藤原道長は関白・兼家の五男として生まれ、若いころはなかなか出世できなかったという。そこからなぜ最高権力者になれたのか。歴史小説家の杉本苑子さんと永井路子さんの共著『ごめんあそばせ 独断日本史』(朝日文庫)より、2人の対談を紹介する――。
藤原道長像(画像=東京国立博物館編『日本国宝展』読売新聞社/CC-PD-Mark/Wikimedia Commons)

■だれの娘が皇子を生むかどうかの競争

【杉本】摂関体制下での布石の第一歩は、まず娘を入内させるわけだけど、天皇を自分の家に連れて来るわけにいかないから、宮中に娘の居場所をしつらえて、女房をはじめ家具調度、何もかも運びこんで、天皇を婿に取りこむ……。

【永井】そう、ずいぶんいろいろな物を運びこんじゃうのよね。

【杉本】この外祖父母の力こそ、摂関政治を語る場合、見逃せない大問題だと思う。

【永井】そうね。だけど外祖父母の力は、娘が天皇にお嫁に行っただけではダメなんですよね。

【杉本】そうなの。皇子を産まなきゃ。

【永井】皇子を産んで、それが皇位を約束されるところまでいかないといけない。だから言ってみれば、子供を産む競争よね。実にえげつない。

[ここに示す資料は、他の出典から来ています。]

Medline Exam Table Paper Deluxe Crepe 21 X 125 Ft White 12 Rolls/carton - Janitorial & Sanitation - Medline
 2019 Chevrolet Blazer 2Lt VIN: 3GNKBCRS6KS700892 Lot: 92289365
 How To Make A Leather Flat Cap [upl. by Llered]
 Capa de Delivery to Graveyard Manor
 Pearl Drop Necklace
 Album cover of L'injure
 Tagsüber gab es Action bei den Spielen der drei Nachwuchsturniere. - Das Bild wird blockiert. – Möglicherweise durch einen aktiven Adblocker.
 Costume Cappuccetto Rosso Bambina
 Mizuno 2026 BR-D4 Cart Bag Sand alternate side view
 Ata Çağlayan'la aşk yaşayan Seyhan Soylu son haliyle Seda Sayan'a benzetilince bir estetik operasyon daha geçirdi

【杉本】そう。道長が「欠けたることもなし」と自讃する所にまで行けたのは、娘がみんな優秀だったからよ。才色兼備、それもあるけど、じつにうまいこと、産んでくれているのよね。

■強運だった道長、運がなかった道隆

【永井】まず娘の彰子(しょうし)が一条天皇の皇子を2人。また、タイミングがいいのね。偶然とばかり言えない感じ。

【杉本】そうね。娘の年齢も、少々天皇より年上、というケースはあったにせよ、ほぼ釣り合って適齢期に達し、うまく入内できてる。だけど年回りも妊娠も人為を越えた偶然なんだから、やっぱり道長っていうのは、強運の人よ。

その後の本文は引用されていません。